*Instructions for the task*.
Leaving the pictures aside, reproduce the data in full and word for word.

*Input data*.
BEGIN

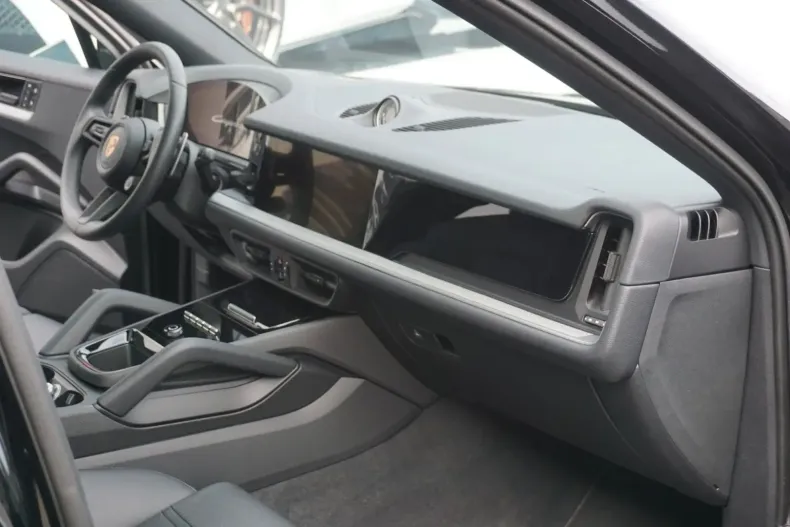 Porsche Cayenne din 2024 cu 8.900 km - oferta POR109447 - foto 9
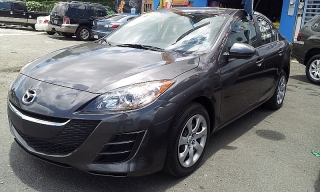 MAZDA 3 2010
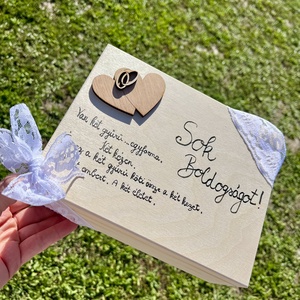 Kalligráfiával díszített nászajándék doboz  jókívánságokkal az ifjú párnak - Meska.hu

END

*Finished task*.
 Porsche Cayenne din 2024 cu 8.900 km - oferta POR109447 - foto 9
 MAZDA 3 2010
 Kalligráfiával díszített nászajándék doboz  jókívánságokkal az ifjú párnak - Meska.hu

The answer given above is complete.